Task prompt: Pictures stay out of the copy. Transcribe exactly, and only, the line with "GM663BHF Hi2 60cm 4 Zone Gas Hob - Black" through the last line of the entries below.

Task data:
◆ ◆ ◆ ◆ ◆ ◆ ◆

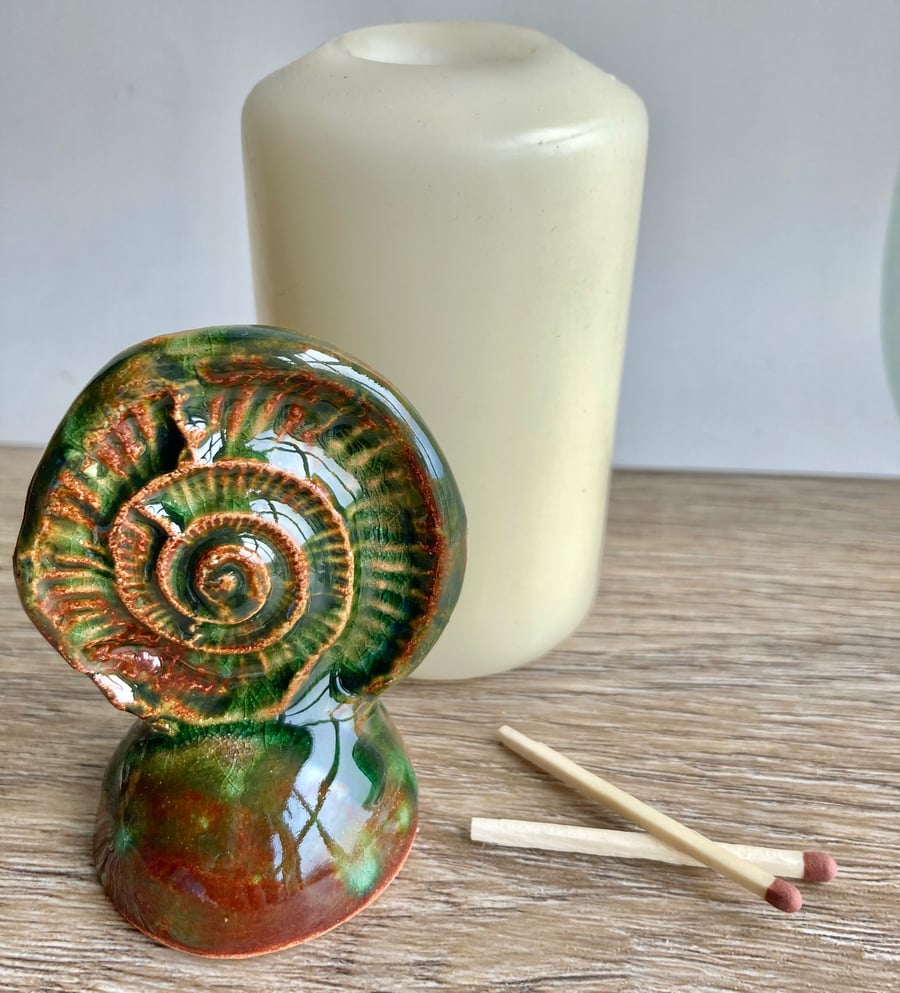 Ammonite Candle Snuffer 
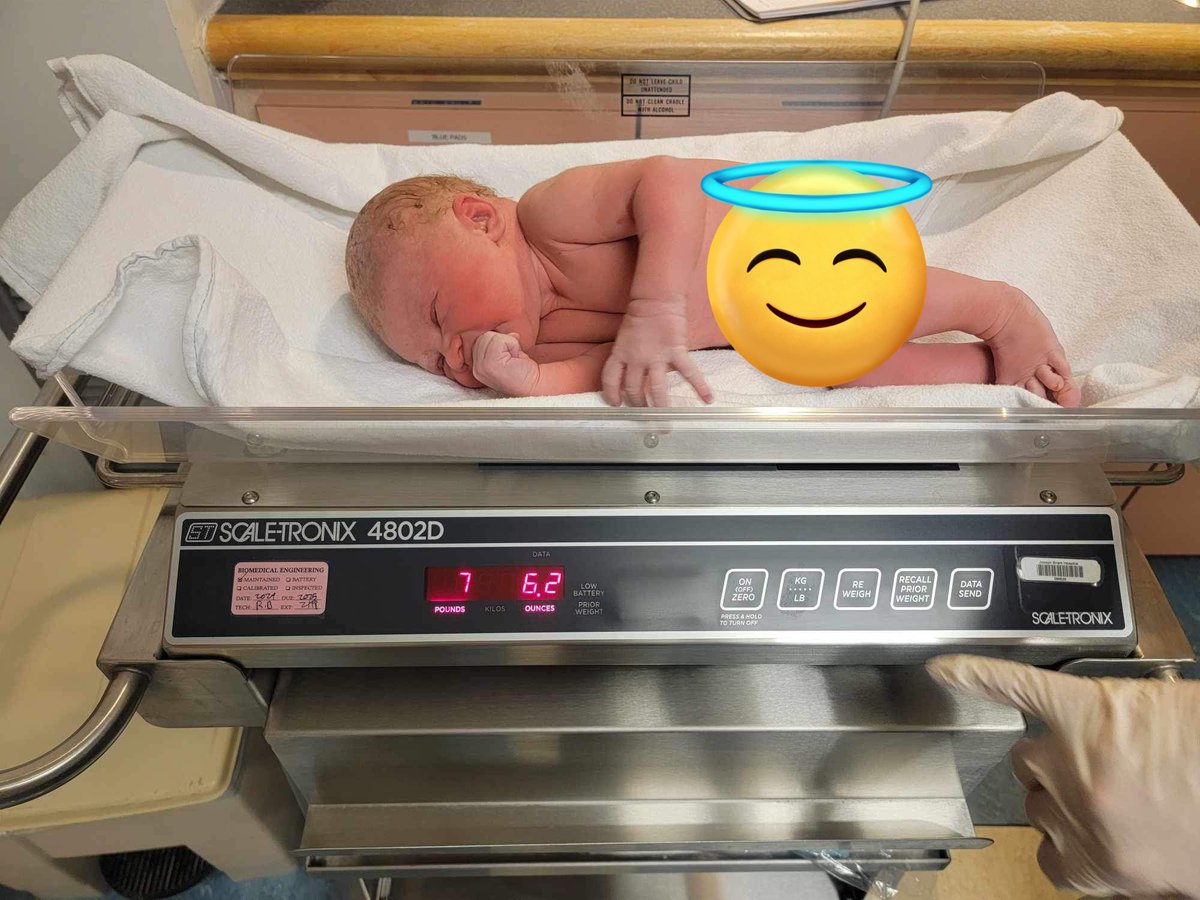 And this is Baby Bennett! Thank You God 🙏 a few bumps along the way. (He looks just like his Dad blonde hair and pink)  Born at 1:49 am on April 16th 7 lbs 6 oz all because his Mother loved him.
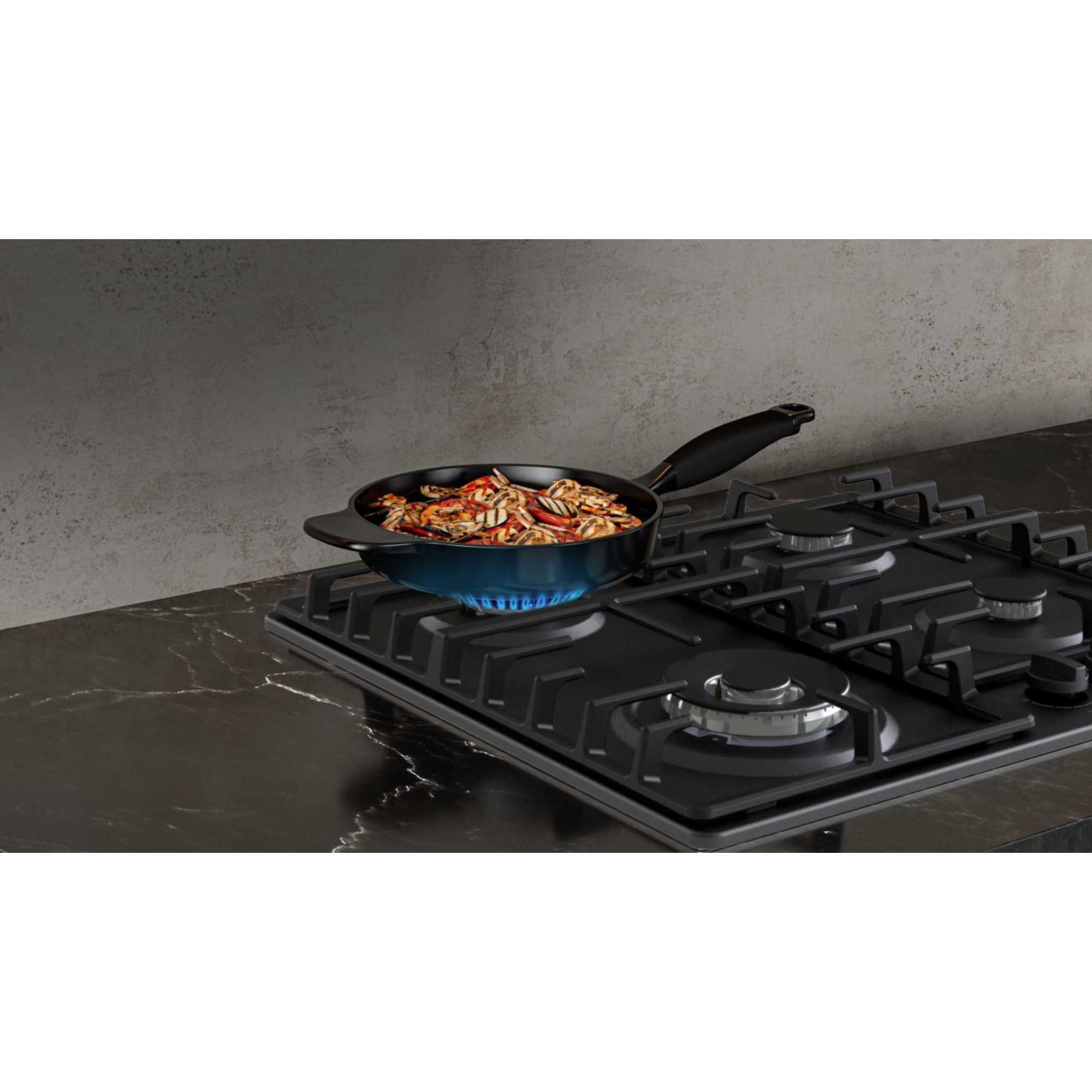 GM663BHF Hi2 60cm 4 Zone Gas Hob - Black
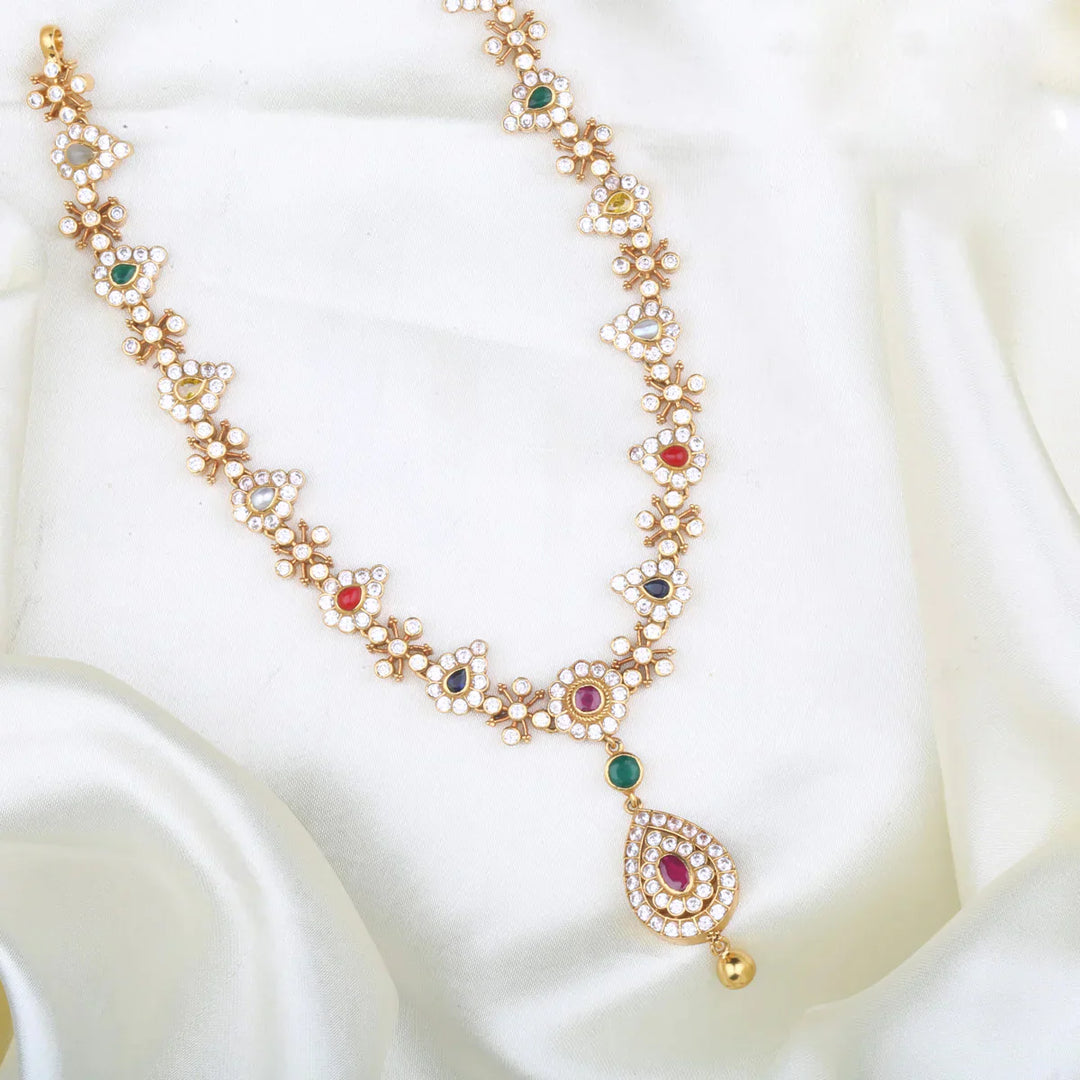92.5 Silver, Baubles White Stone Necklace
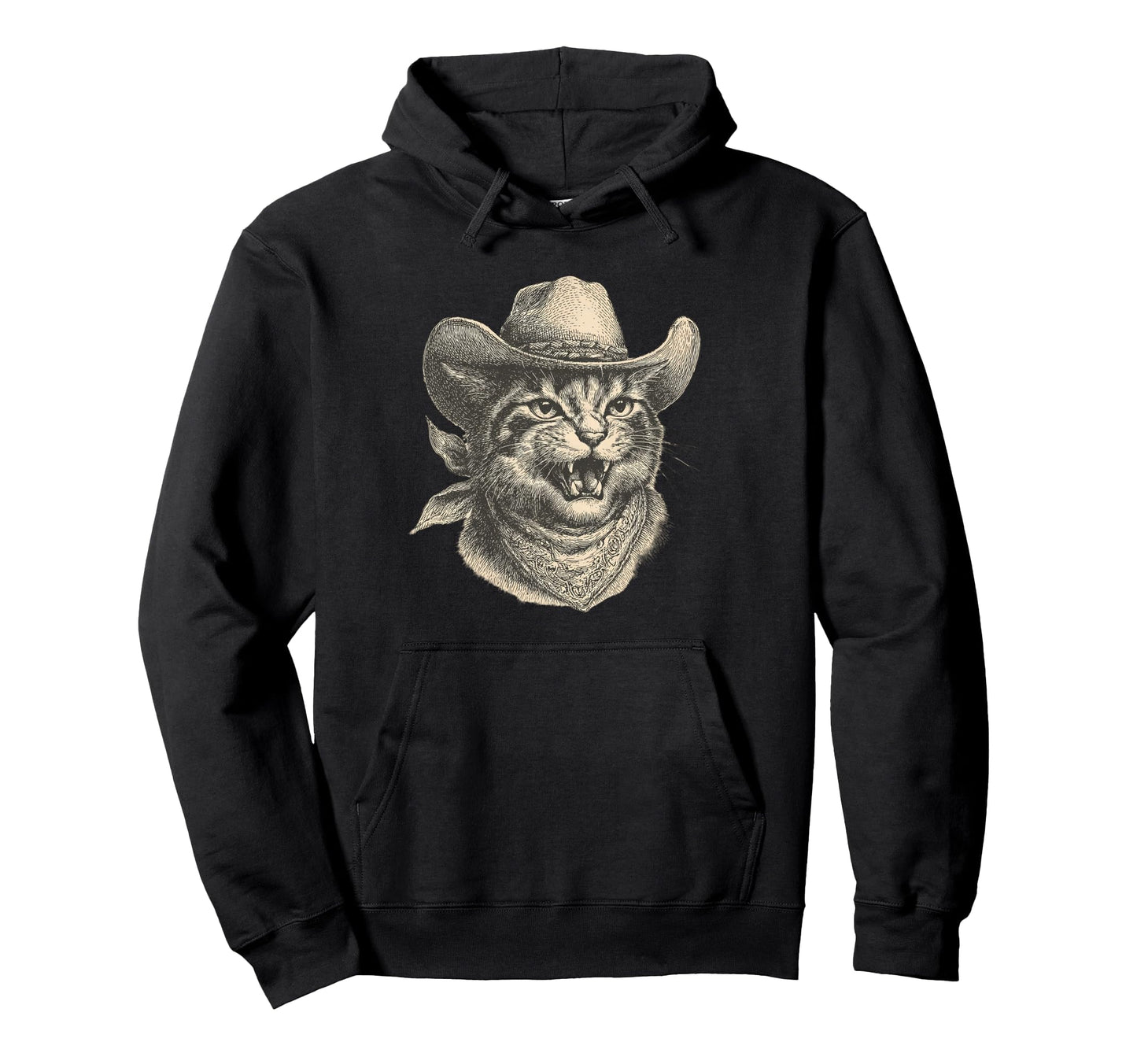 Cat Cowboy Western Country Cowgirl Hoodie - Streetwear Style Men Women - T-Shirt, Sweatshirt, Hoodie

◆ ◆ ◆ ◆ ◆ ◆ ◆

Your solution:
 GM663BHF Hi2 60cm 4 Zone Gas Hob - Black
92.5 Silver, Baubles White Stone Necklace
 Cat Cowboy Western Country Cowgirl Hoodie - Streetwear Style Men Women - T-Shirt, Sweatshirt, Hoodie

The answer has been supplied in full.